Uma cultura de dados viva e transversal
O potencial da IA só se concretiza quando apoiado por dados confiáveis, acessíveis e bem integrados. No entanto, essa ainda é uma das maiores fragilidades das organizações. Segundo o estudo da IBM, 50% dos CEOs reconhecem que os seus dados e sistemas estão desconectados, resultado da velocidade a que investiram em transformação digital.
Além disso, 72% afirmam que os dados proprietários são essenciais para extrair valor da IA generativa — o que reforça a importância de construir um ecossistema de dados unificado, estratégico e seguro.
Sem dados consistentes, não há previsibilidade, personalização ou automatização eficaz. E sem estrutura, a IA torna-se um adereço sofisticado sem impacto real. A maioria das empresas, mesmo com IA implementada, continua a trabalhar com dados fragmentados, silos organizacionais e métricas desencontradas.
Transformar dados em inteligência exige mais do que tecnologia: requer arquitectura, governança e cultura. Os CEO mais preparados estão a investir em ambientes de dados em tempo real, com interoperabilidade entre departamentos, segurança reforçada e equipas com competências analíticas.
Mais do que acumular dados, é preciso saber fazer as perguntas certas, cruzar fontes diversas e transformar essa informação em decisões rápidas e alinhadas com a estratégia. Um ambiente de dados vibrante não é apenas técnico — é uma condição de liderança na era da IA.
Num mundo onde a previsibilidade é uma “moeda” crítica, quem domina os seus dados, domina o seu destino.
Disciplina estratégica: o antídoto para o investimento impulsivo
Com a aceleração da transformação digital e a pressão para adoptar novas tecnologias, muitas organizações entraram numa lógica de investimento disperso e reactivo. O estudo da IBM mostra que 47% dos CEOs indicam falta de foco estratégico como o principal obstáculo à criação de valor sustentável com tecnologia.

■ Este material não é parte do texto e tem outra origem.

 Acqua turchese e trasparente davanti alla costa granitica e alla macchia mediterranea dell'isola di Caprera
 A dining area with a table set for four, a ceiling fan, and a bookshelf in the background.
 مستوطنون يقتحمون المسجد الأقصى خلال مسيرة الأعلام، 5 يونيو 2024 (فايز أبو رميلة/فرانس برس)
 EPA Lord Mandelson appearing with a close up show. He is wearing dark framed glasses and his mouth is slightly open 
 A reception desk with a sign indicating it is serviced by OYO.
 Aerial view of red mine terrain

Parte desta dispersão decorre de uma síndrome cada vez mais comum no mundo corporativo: o FOMO — Fear of Missing Out. Ou seja, o receio de ficar para trás, de não acompanhar os concorrentes, ou de perder uma vaga de inovação, gera decisões apressadas, compras de tecnologia descoordenadas e estratégias pouco articuladas com os objectivos reais da organização. A ansiedade de estar presente em todas as tendências leva, muitas vezes, a investimentos fragmentados e sem retorno claro.
Este cenário revela uma tensão real: por um lado, a urgência de acompanhar a inovação; por outro, a necessidade de resistir ao impulso emocional e adoptar uma abordagem estruturada. A resposta está na disciplina — investir com base em critérios claros de retorno, impacto e alinhamento estratégico.

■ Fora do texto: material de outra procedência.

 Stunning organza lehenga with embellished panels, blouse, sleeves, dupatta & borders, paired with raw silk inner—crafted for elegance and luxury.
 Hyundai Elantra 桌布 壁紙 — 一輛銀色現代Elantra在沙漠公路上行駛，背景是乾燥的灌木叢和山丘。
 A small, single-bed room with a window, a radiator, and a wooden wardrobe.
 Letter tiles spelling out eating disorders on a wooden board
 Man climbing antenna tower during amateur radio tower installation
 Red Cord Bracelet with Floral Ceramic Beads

A disciplina no investimento não implica contenção ou conservadorismo, mas sim foco. Significa perguntar: que problema estamos a resolver? Que valor vamos gerar? Como vamos medir o sucesso? E, sobretudo, significa ter coragem para dizer “não” a iniciativas que não servem a visão de longo prazo.
Para garantir esse foco, os CEO de topo estão a estabelecer processos mais rigorosos de avaliação de investimentos, com ciclos curtos de feedback, análises comparativas e equipas interdisciplinares de validação de resultados. A aposta passa por modelos de financiamento interno mais selectivos e por programas de inovação que exijam validação contínua de impacto — não apenas a entrega técnica.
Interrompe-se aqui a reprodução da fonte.